WHAT YOU WILL DO =>
Repeat the listing word for word. No pictures belong in the copy.

INPUT DATA =>
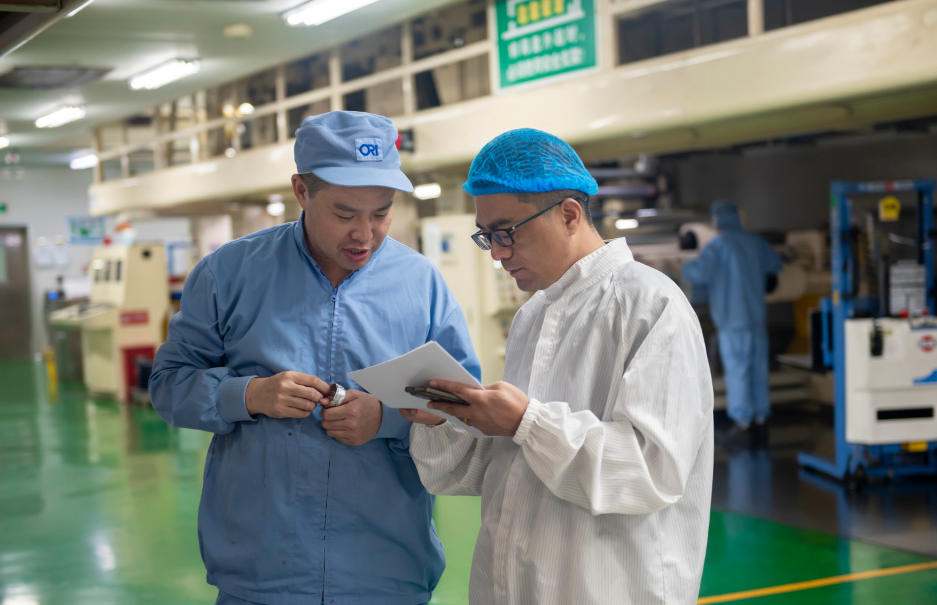 1759209955953523.png 1759209955953523.png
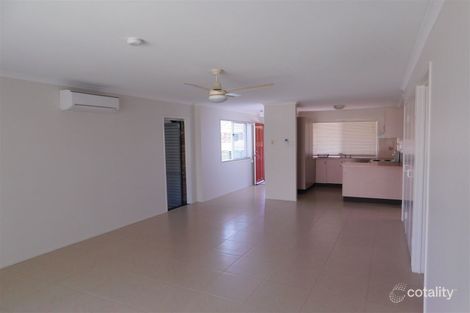 Property photo of 1/29 Cascade Street Kippa-Ring QLD 4021
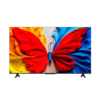 TCL 50 Inches QLED Google Smart TV 50S5K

ANSWER AREA =>
 1759209955953523.png 1759209955953523.png
 Property photo of 1/29 Cascade Street Kippa-Ring QLD 4021
 TCL 50 Inches QLED Google Smart TV 50S5K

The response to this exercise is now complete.